“Os militares contam demais com a força. Os políticos contam demais com a habilidade”, Michel Tournier
A notícia vem da Inglaterra. Um súdito do Rei Charles comprou uma ilhota nas cercanias de uma outra maior, Seychelles, lugar ideal para uma “offshore” brasileira no ultramar. A ilha adquirida não tem sequer um banco, mas tem um feliz proprietario.
Em entrevista, ele anuncia a operação e revela a intenção de fixar residência nas beiradas do mar do Norte. Com sorte, haverá de encontrar um “bunker” da “Defesa da Europa, sobrevivente do dia D.
Já me ocorrera essa ideia de estabelecer-me em um porto marítimo, livre de piratas e de colonizadores desempregados, em paragens distantes das rotas das navegações.
Consultei alguns amigos: uns aderiram alegremente ao empreendimento, outros fizeram ar de espanto: “É pra começar do zero? Quero o quê, cara”, veio de pronto a primeira detecção.
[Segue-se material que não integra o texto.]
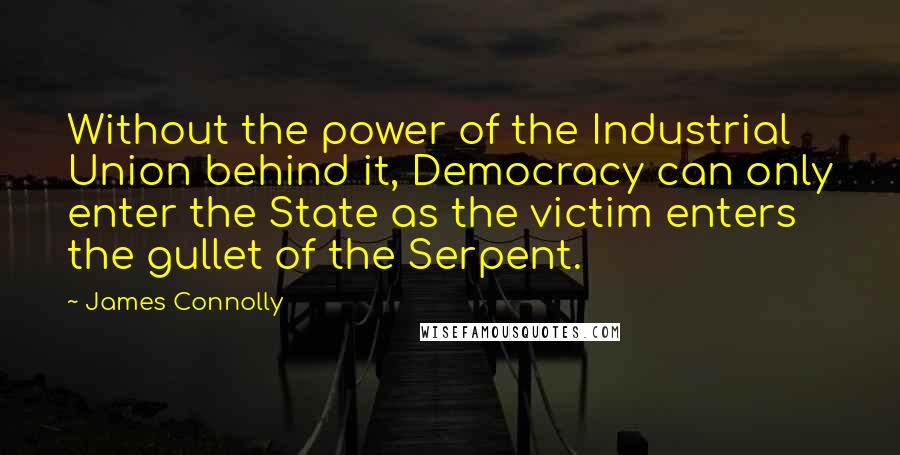 James Connolly Quotes: Without the power of the Industrial Union behind it, Democracy can only enter the State as the victim enters the gullet of the Serpent.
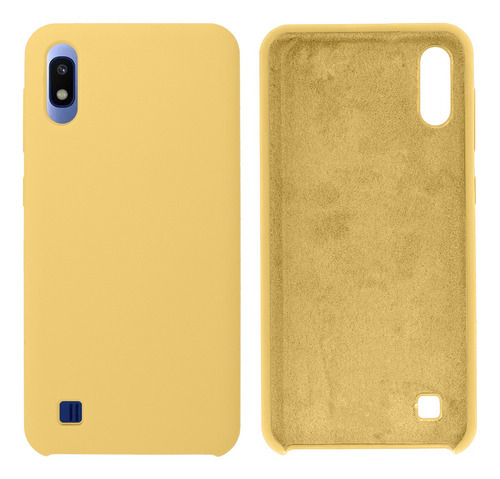 Capa Silicone Aveludado Cover Compatível Com Galaxy A10 Cor Amarelo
Não me importei, Edson Nunes conjecturou sem entusiasmo, prometeu dar resposta depois. Hélio Barros, feito avô, com a minha comadre Maria Dulce, senhora de longas navegações e velejamentos diplomáticos, demonstraram, com a discrição educada de compadres, suas hesitações. Reclamei a adesão de outros insulares em perspectiva. “Não, não há o programa de “meu barco, minha vida, Cada um vai de remo privado”, adverti os mais interessados. Minchou.
As medidas estruturais a serem adotadas exigirão prudência. Imaginei pôr na ilha não mais que dez pessoas. Lotação fechada. Gente boa, de todas as extrações econômicas, de cor e de gênero, um rico, um “classe-media”típico e um pobre de grana, mas não de espírito. Uma burguesinha fresca e uma mocinha “woke” de narizinho arrebitado e frondosos pelos epistemológicos caindo em madeixas magníficas… Um intelectual de formação frankfurteana, com ares de etimologista sênior.
Não pude escapar a um registro memorável. Michel Tournier apropria-se de Robinson Crusoé, arrancado de um romance de Daniel Defoe, posto em uma ilha aparentemente deserta. Dias depois de desembarcado, o náufrago encontra um índio perdido, como ele “, na pequena vastidão da Ilha. O livro tem por título “Vendredi ou la Vie Sauvage”. Ao recém-chegado Robinson dá o nome de Vendredi.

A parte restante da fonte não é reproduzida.